Estonia, one of the smallest countries in the region, leads the whole of Europe when it comes to VC investment per capita as well as startup creation — €1,967 per capital raised and one startup per 1,048 people — which won't come as a surprise to many readers.

However, the rest of the region lags far behind much of western Europe.

Meanwhile the region is heavily reliant on international investors, far more than the rest of Europe, with American money accounting for more than half of funding invested in CEE startups.

CEE startups are also continuing to leave the region, or at least move their headquarters to cities like New York and London, while keeping most of their development teams back home.

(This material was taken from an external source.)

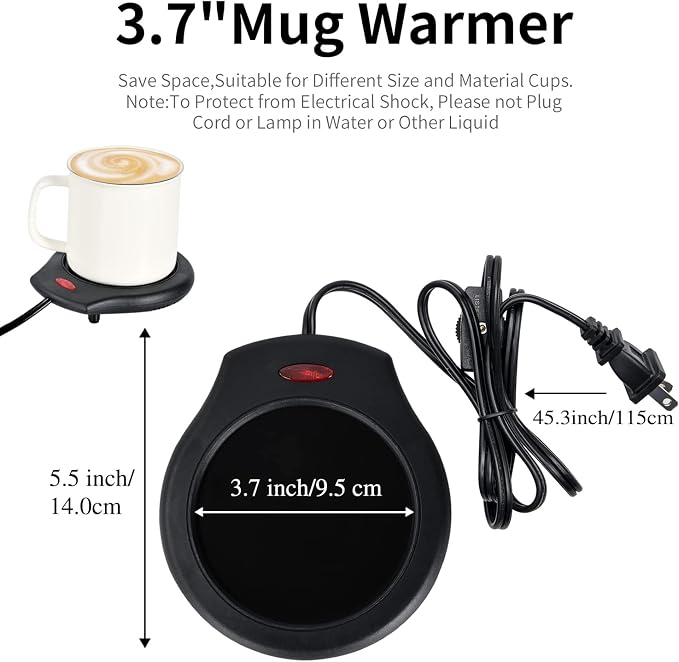 Candle Warmer for Large Jar, Coffee Mug Warmers, Safely Releases Scents Without a Flame, Melt The Candle Quickly, alternate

Ukrainian-born startups (among those that have raised more than €1m) are by far the most likely to have relocated, the report found, which should come as little surprise given the years of conflict and political instability in the country, with Polish and Hungarian startups the least likely.

Years of progress

While the headline numbers in the report are impressive, Google for Startup’s Nagadowska stresses that it's been a long process to reach this stage for a region that is well-known for its tech talent but who's homegrown companies were often overlooked.

“The CEE region today is not an overnight success,” she says. “It was built on a generation of entrepreneurs who know how to start and scale successful businesses, who have the right network and capital to start their next venture.”

The future is looking bright for the CEE startup ecosystem.

"CEE is reaching a point of critical mass," says Dealroom's Wijngaarde. "Big exits, like those this year for InPost and Avast, renew the ecosystem with talent, capital and expertise, fuelling the next generation of startups.”